The state has received 220,000 unemployment claims in the last three weeks, 20 times the normal amount. The Department of Labor continues to process claims.

There is a backlog of at least five or six weeks to process unemployment claims, Lamont said Thursday.

"My goal is to clear that backlog over two or three weeks," the governor said.

Unemployment claims processors are working overtime, said Melissa McCaw, Secretary of the Office of Policy and Management.

"There is a SWAT time at this time if you will looking at all options for the commissioner to increase staffing there," McCaw said.

State officials are looking throughout the government for any former Department of Labor employees or others with backgrounds in unemployment claims processing.


The governor announced a new executive order Thursday that states hotels and short-term rentals will now be exclusively for essential workers, not leisure travel. That order will go into effect Friday.


Department of Public Health Commissioner Renee Coleman-Mitchell said 57 nursing homes in Connecticut now have at least one confirmed positive coronavirus case.

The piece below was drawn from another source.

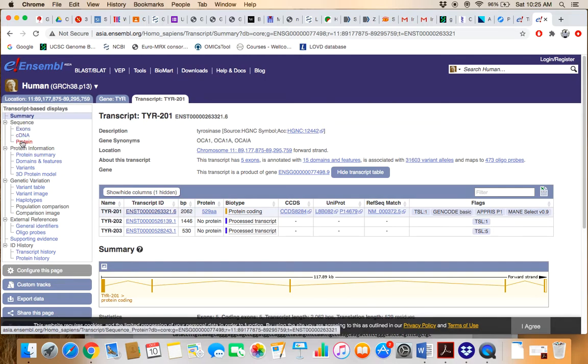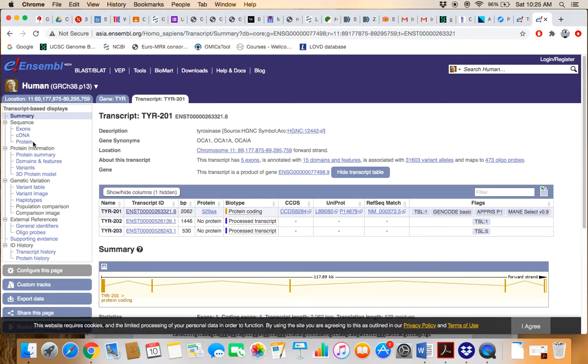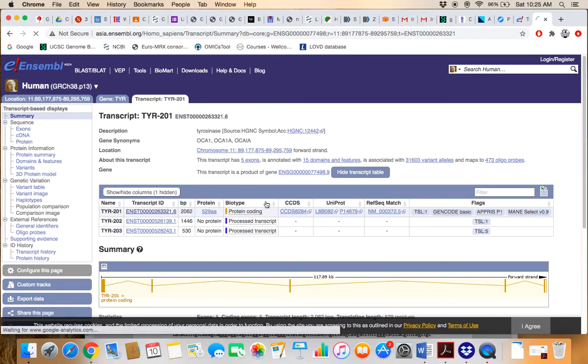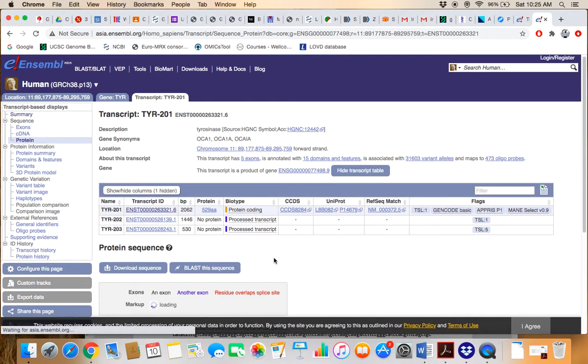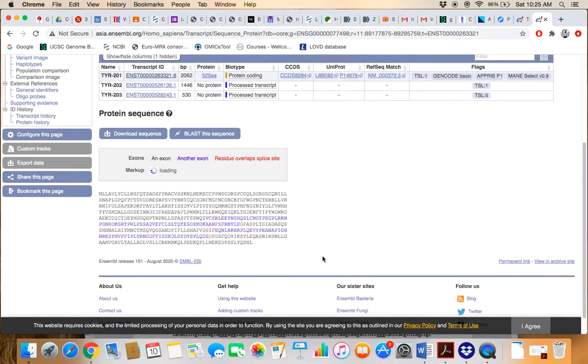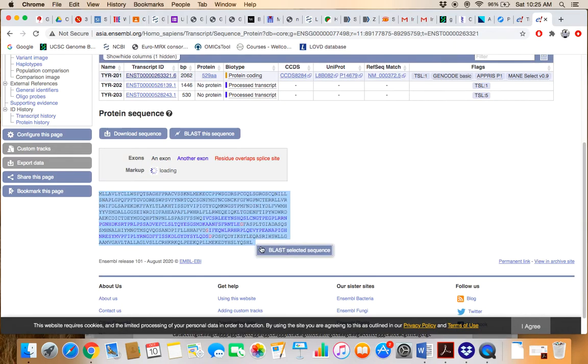If you want to retrieve the sequence, scroll down on the same page. Here is the protein sequence - the protein sequence is TYR.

"My biggest concern is to address the needs of these most vulnerable residents," Coleman-Mitchell said.

As exploration continues of isolating coronavirus patients in separate facilities, Coleman-Mitchell said she is trying to prevent further spread in nursing homes.

"Our goal is to save their lives," she said.


The governor said the state is looking at a $500 million deficit in the budget due to the coronavirus outbreak, mostly because of income tax and state sales tax revenue impacts. The state is set to receive $1.45 billion from the federal government to pay expenses related to the COVID-19 response.


On Wednesday, Lamont issued guidance to grocery store customers and employees.

The governor is urging residents to do what they can to keep supermarket employees healthy by staying six feet away from employees and other shoppers, to send only one family member to the store if possible, use credit cards rather than cash if you can, limit contact and, if you choose to wear gloves, properly dispose of them after you leave the store. In an executive order signed Wednesday, Lamont released specific guidance for stores, including limited occupancy to 50% of a store's capacity.


The governor also announced Wednesday a 60-day grace period for premium payments, policy cancellations and non-renewals of insurance policies beginning Wednesday, April 1, to help those unable to pay during the crisis. This includes life, health, automotive, casualty and other types of insurance plans. The grace period is not automatic - those wishing to take advantage of it must provide information to their insurance carriers.


The governor is also requiring cities and towns to look at options to provide temporary tax forbearance for property tax collection and interest on delinquent payments under certain conditions.

Lamont issued an executive order on Tuesday that authorizes the state Department of Energy and Environmental Protection (DEEP) to prohibit walk-in visitors at state parks. DEEP also plans to limit parking capacity at some parks to help manage the number of visitors.

State parks remain open, but officials said DEEP is closely monitoring how many people are visiting the parks and when lots become full, parking thresholds may be lowered when necessary.

Lamont said Connecticut has the fourth most COVID-19 infections per capita in the U.S., behind New York, New Jersey, and Louisiana.